If you get spam, you’ll probably have noticed the recent trend towards spam full of random words. This is intended to defeat Bayesian anti-spam filters which mark emails as spam if they have words in them which are found in other spam. And it does generally seem to get through SpamAssassin which is the filter I’m using on my mail server.
The reason it gets by is that the random words e.g. “storm antiquated biaxial genevieve askew evensong compressor foothill ludwig eyeglass irwin delano narcissist calumny messrs dan begin oratorical depict platitude“, are not in themselves spam-like. However, real non-spam email never has strings of words like that. Of the anti-Bayesian spam I’ve seen, none actually looks like real mail; there’s no grammar and too many consectutive long words (or maybe the people who send me email have small vocabularies?). There are too few occurances of “the”, “it”, “and” etc.
The next step towards defeating this spam could be to perform basic lexical analysis of the content, to see whether it looks like real text. There are a number of problems with this though:
- Non-English languages may be much harder to handle.

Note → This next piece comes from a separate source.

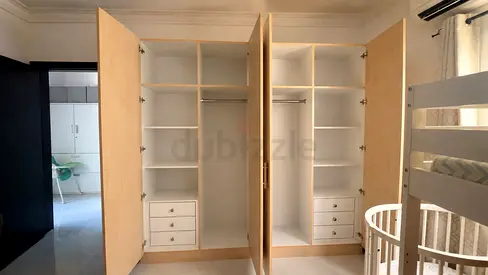 Light wood built-in wardrobe with drawers and hanging rails - good condition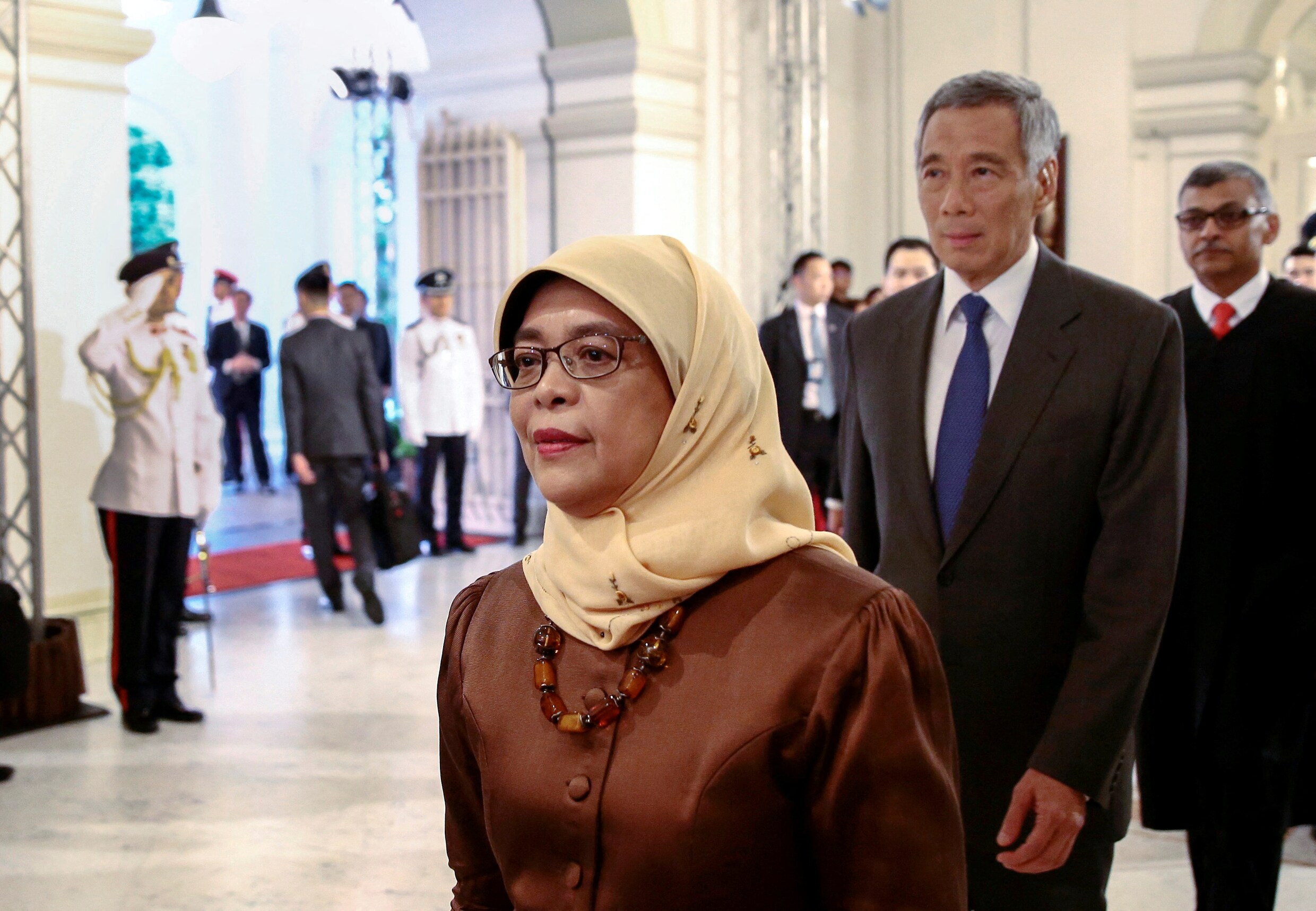 Morrende Singaporezen kiezen vrijdag nieuwe president | De Morgen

- The spammers may start including random sections of real text
- It’s yet another load on the spam filters
The blacklists have taken a battering over the past few months, which various viruses being targetted at bringing them down, but they’re still one of the best weapons we have to stop spam.
Most of my spam arrives through Demon as my mail server blocks blacklisted hosts. I use fetchmail to pull my Demon mail onto my server, where it’s passed through SpamAssassin . SpamAssassin marks the stuff that it thinks is spam, which is then dumped into an IMAP folder for later checking. With Demon finally annoucing that they’re putting in some spam filtering, the level of spam I get should drop off even more.
Update: Just after posting this I got my first piece of spam marked with the Habeas mark which is a short verse of trademark poetry used to indicate that a sender is trustworthy. I’ve reported the spam to Habeas; the idea being that illegal use of their trademark means that they can sue the spammer. We’ll see…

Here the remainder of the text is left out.